Measuring the Impact of Online Discourse in Undergraduate STEM Courses: Semi-automatic Assessment of Large Discussion Board Corpora

Principal Investigator: 
Project Overview
Background & Purpose: 

The investigators seek to explore the extent to which the quantity and quality of student participation in course discussion boards (a.k.a. online asynchronous discussions (OAD)) is associated with retention in or dropping out from undergraduate computer science and industrial engineering majors. This study represents a planning and pilot study using data from discussion board enhanced STEM courses at the University of Southern California. The ultimate goal of the investigators' intended future research will be to produce knowledge usable in making more effective use of this learning technology.

Setting: 

University of Southern California

Research Design: 

The project uses a comparative research design and will generate evidence that is descriptive [observational], associative/correlational [quasi-experimental], and causal [quasi-experimental and statistical modeling]. Original data is being collected on undergraduate and graduate engineering students using school records, assessments of learning, observation [Web logs], and survey research [self-completion questionnaire]. Instruments being used include a multidimensional questionnaire that measures 4 constructs associated with efficacy, motivation, multidisciplinary behavior and interaction.

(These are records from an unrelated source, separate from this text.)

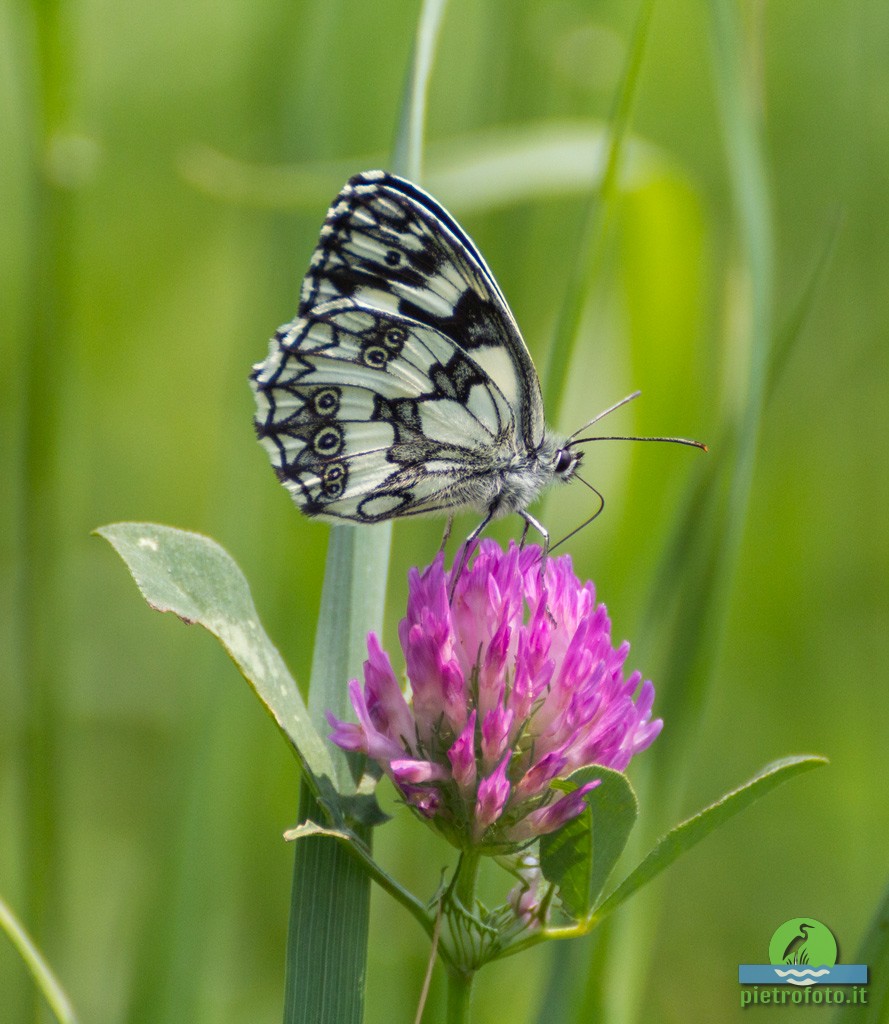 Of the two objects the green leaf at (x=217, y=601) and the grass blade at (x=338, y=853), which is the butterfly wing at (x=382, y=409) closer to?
the grass blade at (x=338, y=853)

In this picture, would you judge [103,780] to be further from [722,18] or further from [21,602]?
[722,18]

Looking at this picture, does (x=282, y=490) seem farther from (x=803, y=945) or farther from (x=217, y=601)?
(x=803, y=945) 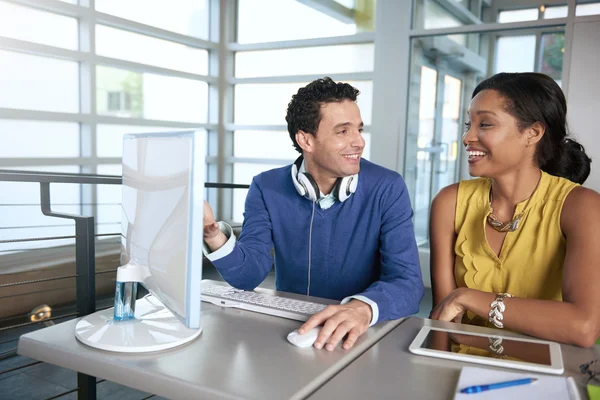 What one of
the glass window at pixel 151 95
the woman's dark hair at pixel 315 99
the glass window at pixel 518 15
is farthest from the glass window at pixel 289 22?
the woman's dark hair at pixel 315 99

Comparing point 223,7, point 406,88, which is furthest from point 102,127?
point 406,88

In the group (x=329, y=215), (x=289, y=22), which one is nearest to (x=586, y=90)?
(x=289, y=22)

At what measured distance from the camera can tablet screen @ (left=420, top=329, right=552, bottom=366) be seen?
3.12ft

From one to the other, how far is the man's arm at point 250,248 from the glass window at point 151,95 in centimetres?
404

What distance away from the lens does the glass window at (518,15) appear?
4.79 metres

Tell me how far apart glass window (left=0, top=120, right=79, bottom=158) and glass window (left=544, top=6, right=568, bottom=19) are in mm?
4500

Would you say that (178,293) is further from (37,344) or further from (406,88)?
(406,88)

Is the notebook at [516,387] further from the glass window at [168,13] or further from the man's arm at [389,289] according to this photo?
the glass window at [168,13]

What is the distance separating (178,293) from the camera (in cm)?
83

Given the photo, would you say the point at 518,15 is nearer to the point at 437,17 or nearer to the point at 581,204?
the point at 437,17

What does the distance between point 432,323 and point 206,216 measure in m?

This is a quantitative study designed to connect participation in online discussions to course performance, socio-demographic characteristics of students, and course retention. We will develop and explore new measures that we can use for analyzing qualitative characteristics of individual student contributions or classifying discussion thread patterns. We will validate whether they can be used as a variable for analyzing student discussions.

Preliminarily, we have designed our model with two dependent variables (retention and performance) and eleven independent variables recognizing that after initial fitting of our model as these variables may change. The multivariate model has the following variables:
 

  • Total population mean across student groups
  • Level of significance for group I (each group)
  • Effect size of discourse interaction type 1 (questioning)
  • Effect size of discourse interaction 2 (response)
  • Effect size of discourse interaction 3 (off line comment)
  • Effect size of gender
  • Effect size of course achievement (grades/concept inventory/z scored project grades sums)
  • Effect size of familial responsibility
  • Effect size of engineering efficacy/engagement/interest
  • Effect size of minority status
  • Effect size of employment status
  • Effect size of level of course engagement (# interactions)
  • Effect size of year in school (undergrad versus grad)
  • Sample mean for groups i through j for discourse interaction type 1
  • Sample mean for groups i through j for discourse interaction type 2
  • Sample mean for groups i through j for discourse interaction type 3
  • Sample mean for groups i through j for gender
  • Sample mean for groups i through j for course achievement (grades/or concept inventory/z scored project grades sums)
  • Sample mean for groups i through j for familial responsibility
  • Sample mean for groups i through j for engineering efficacy/engagement/interest
  • Sample mean for groups i through j for minority status
  • Sample mean for groups i through j for employment status
  • Sample mean for groups i through j for level of course engagement (# interactions)
  • Sample mean for groups i through j for year in school (undergrad versus grad)
  • Maximum error for groups i and j variate response vector.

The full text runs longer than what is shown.